» **Exercise aim**: For this task, output exactly the lines of the material below starting at the line with "Nota Kontan Paperline 1 Ply / Nota 1ply" and ending at the line with "たれぱんだ タオルハンカチ（パッケージ入り） ピンク : ハンカチーフ"; pictures are to be excluded.

::: Exercise data :::

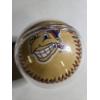 Image 2 : Vintage 1948 Cleveland Indians Chief Whaoo Souvenir Baseball In Protective Plastic & Wood Display  
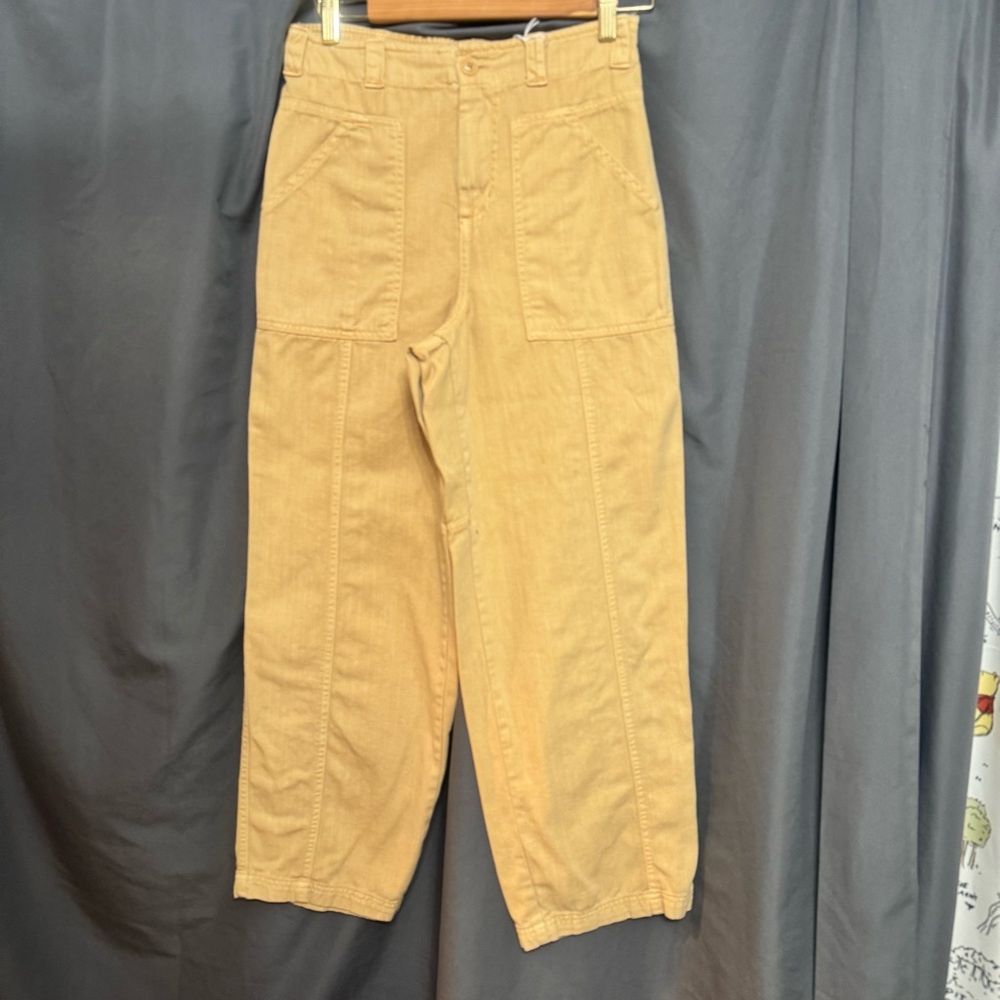 Universal Thread Tan Trousers 12” rise High-Waisted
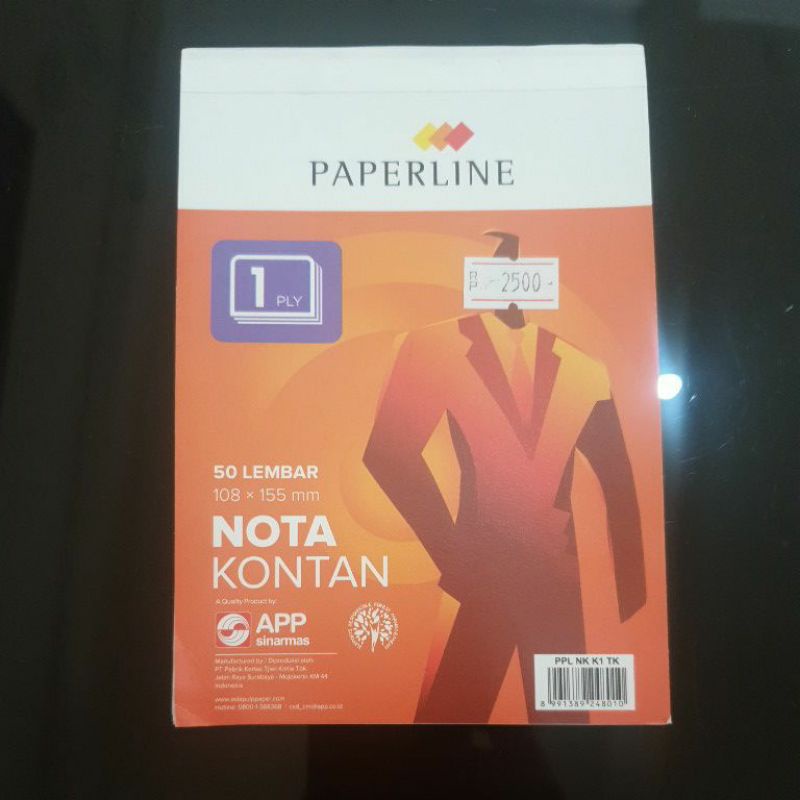 

Nota Kontan Paperline 1 Ply / Nota 1ply
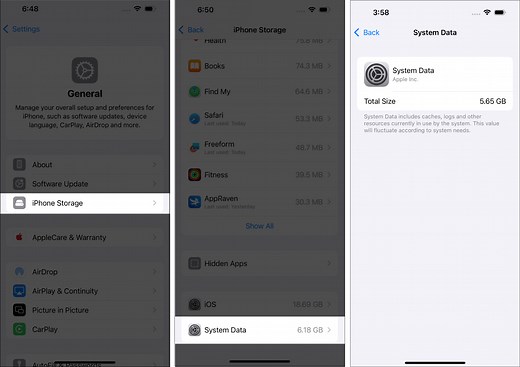 How to clear System Data on iPhone (2025 guide) - iGeeksBlog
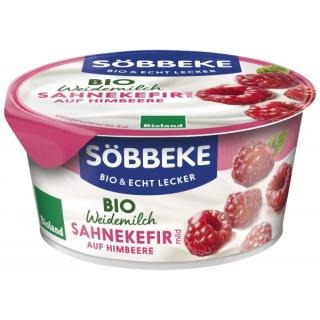 Bio Weidemilch Sahnekefir Himbeere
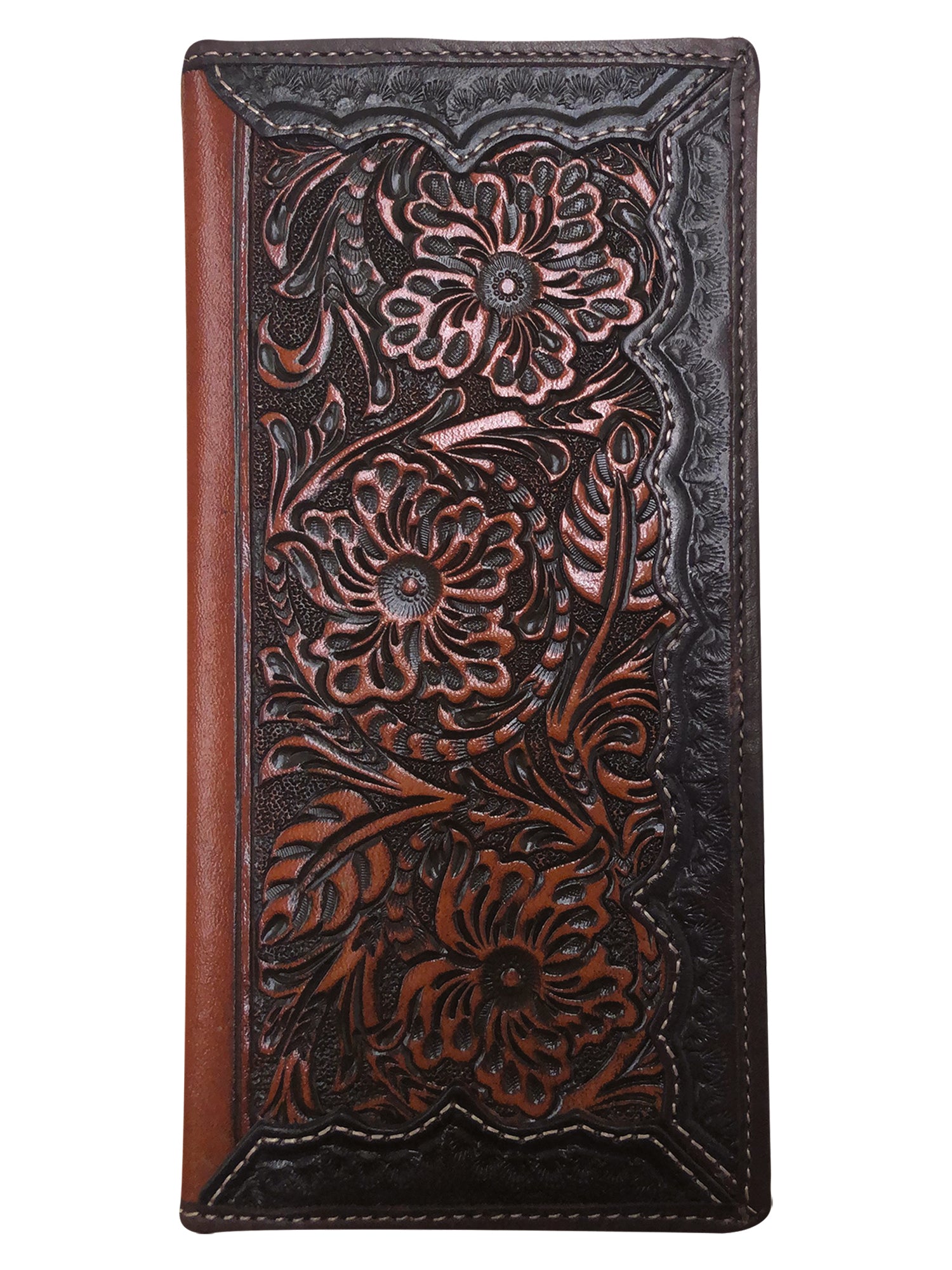 Roper Rodeo Tooled Leather Black Wallet – City N Country
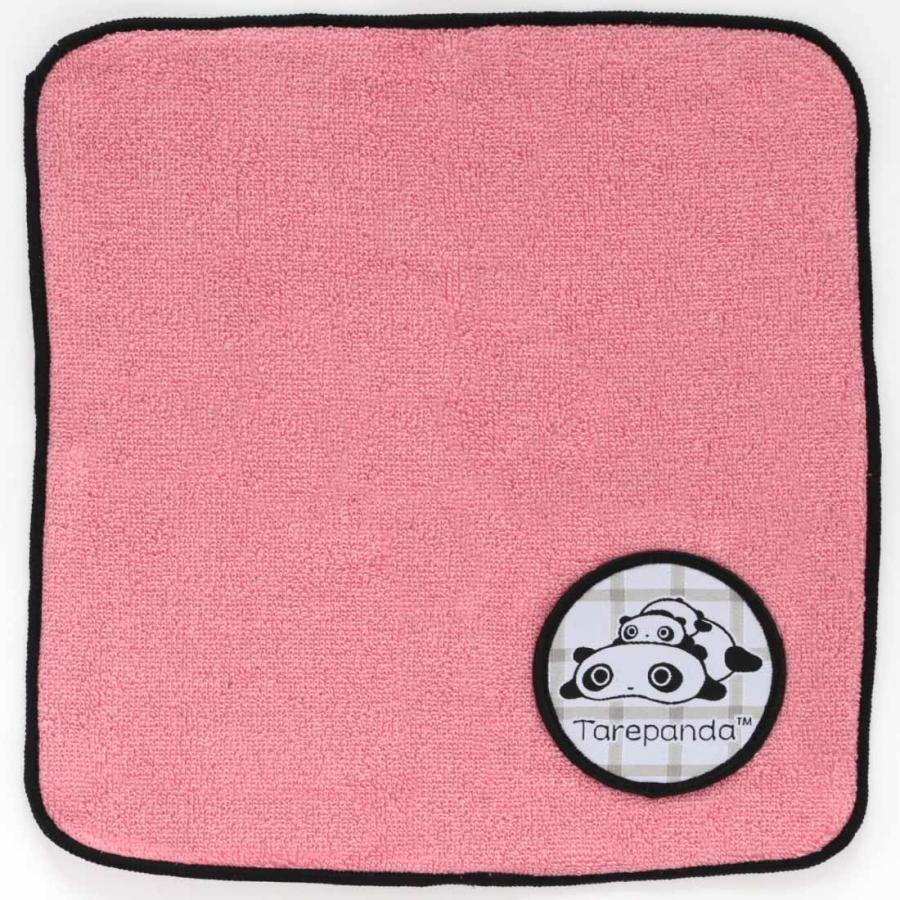 たれぱんだ タオルハンカチ（パッケージ入り） ピンク : ハンカチーフ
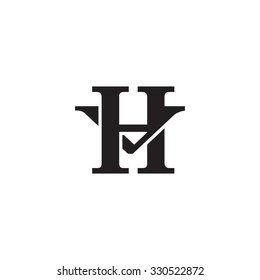 letter V and H monogram logo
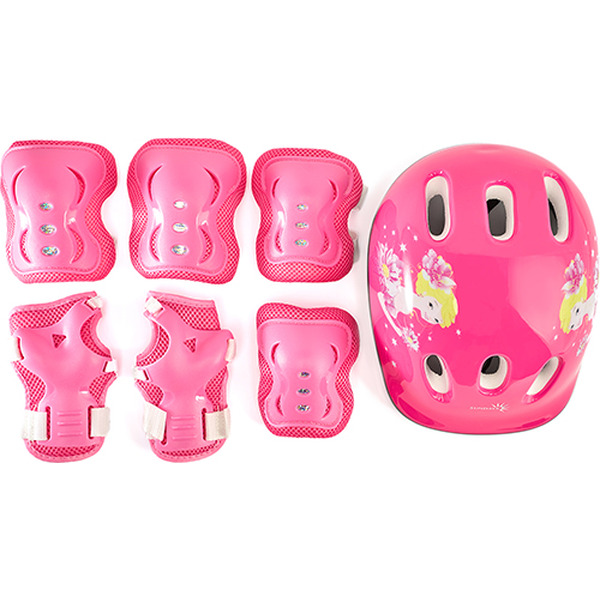 Роликовые коньки Sundays PW-153B-5D (р 37-40) розовый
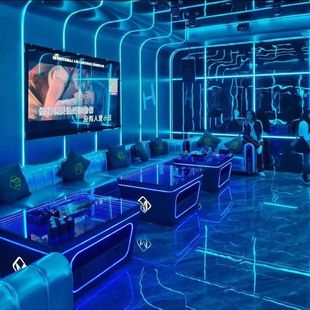新款KTV酒吧娱乐时尚高档深渊发光茶几包厢专用加厚不锈钢桌子台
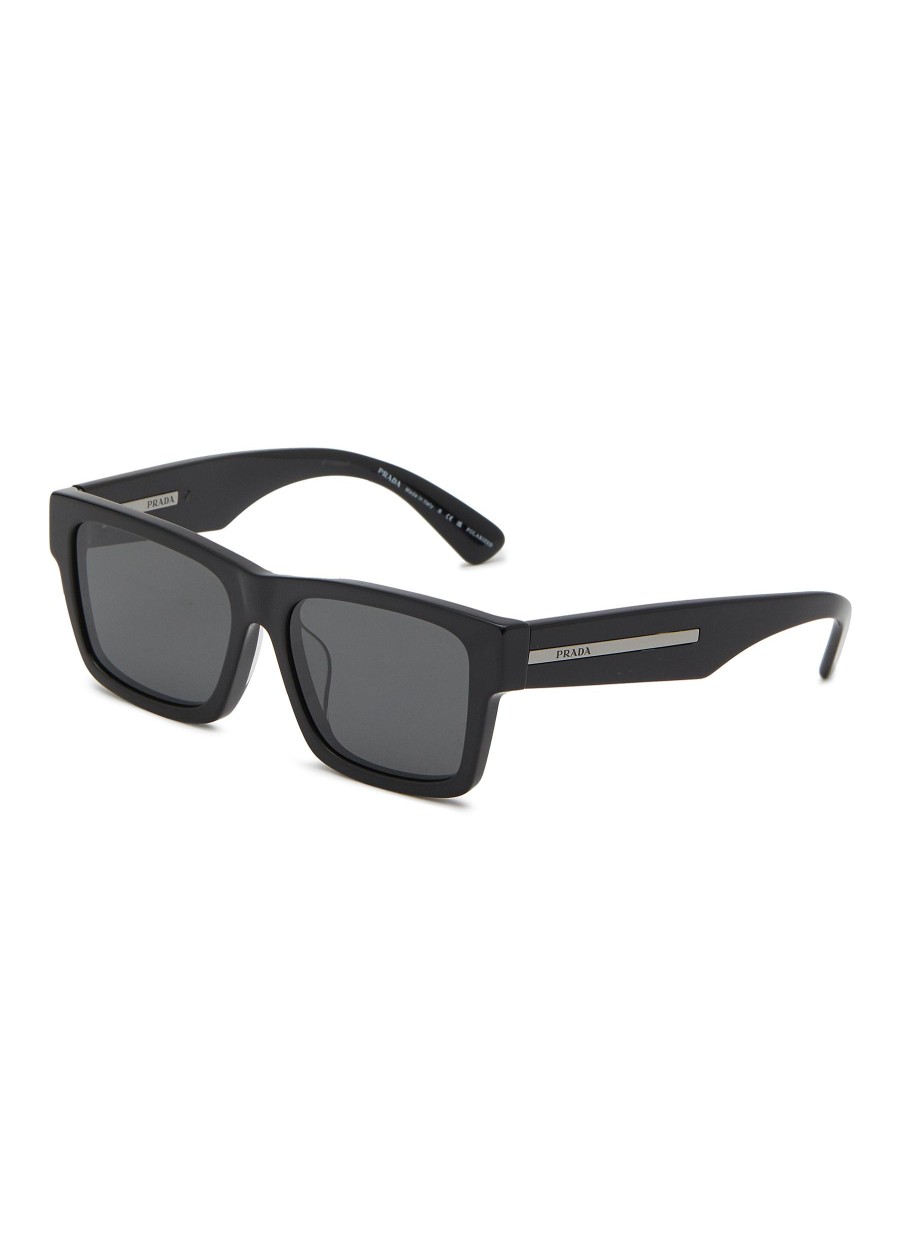 Men PRADA Eyewear | Oversize Acetate Square Wayfarer Sunglasses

:::

» **Answer for this exercise**:
Nota Kontan Paperline 1 Ply / Nota 1ply
 How to clear System Data on iPhone (2025 guide) - iGeeksBlog
 Bio Weidemilch Sahnekefir Himbeere
 Roper Rodeo Tooled Leather Black Wallet – City N Country
 たれぱんだ タオルハンカチ（パッケージ入り） ピンク : ハンカチーフ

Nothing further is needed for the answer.